━━━ Records for this task ━━━

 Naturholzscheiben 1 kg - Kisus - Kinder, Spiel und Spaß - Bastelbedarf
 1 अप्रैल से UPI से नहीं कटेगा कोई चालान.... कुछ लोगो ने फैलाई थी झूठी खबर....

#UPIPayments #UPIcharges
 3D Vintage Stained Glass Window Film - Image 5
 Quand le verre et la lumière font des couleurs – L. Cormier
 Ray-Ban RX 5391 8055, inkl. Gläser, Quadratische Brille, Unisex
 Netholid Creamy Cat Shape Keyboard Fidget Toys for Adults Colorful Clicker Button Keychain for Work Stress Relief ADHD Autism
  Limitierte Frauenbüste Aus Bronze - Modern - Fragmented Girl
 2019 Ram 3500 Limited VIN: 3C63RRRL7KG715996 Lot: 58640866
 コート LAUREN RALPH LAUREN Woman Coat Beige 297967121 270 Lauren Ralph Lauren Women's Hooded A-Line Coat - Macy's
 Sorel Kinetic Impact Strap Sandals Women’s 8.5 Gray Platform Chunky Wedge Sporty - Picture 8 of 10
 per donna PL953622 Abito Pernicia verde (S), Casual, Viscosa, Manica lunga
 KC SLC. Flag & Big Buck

━━━

The requested output is the line holding "#UPIPayments #UPIcharges" and every line after it up to the last line of the listing, exactly, with nothing else.

### Answer section:
#UPIPayments #UPIcharges
 3D Vintage Stained Glass Window Film - Image 5
 Quand le verre et la lumière font des couleurs – L. Cormier
 Ray-Ban RX 5391 8055, inkl. Gläser, Quadratische Brille, Unisex
 Netholid Creamy Cat Shape Keyboard Fidget Toys for Adults Colorful Clicker Button Keychain for Work Stress Relief ADHD Autism
  Limitierte Frauenbüste Aus Bronze - Modern - Fragmented Girl
 2019 Ram 3500 Limited VIN: 3C63RRRL7KG715996 Lot: 58640866
 コート LAUREN RALPH LAUREN Woman Coat Beige 297967121 270 Lauren Ralph Lauren Women's Hooded A-Line Coat - Macy's
 Sorel Kinetic Impact Strap Sandals Women’s 8.5 Gray Platform Chunky Wedge Sporty - Picture 8 of 10
 per donna PL953622 Abito Pernicia verde (S), Casual, Viscosa, Manica lunga
 KC SLC. Flag & Big Buck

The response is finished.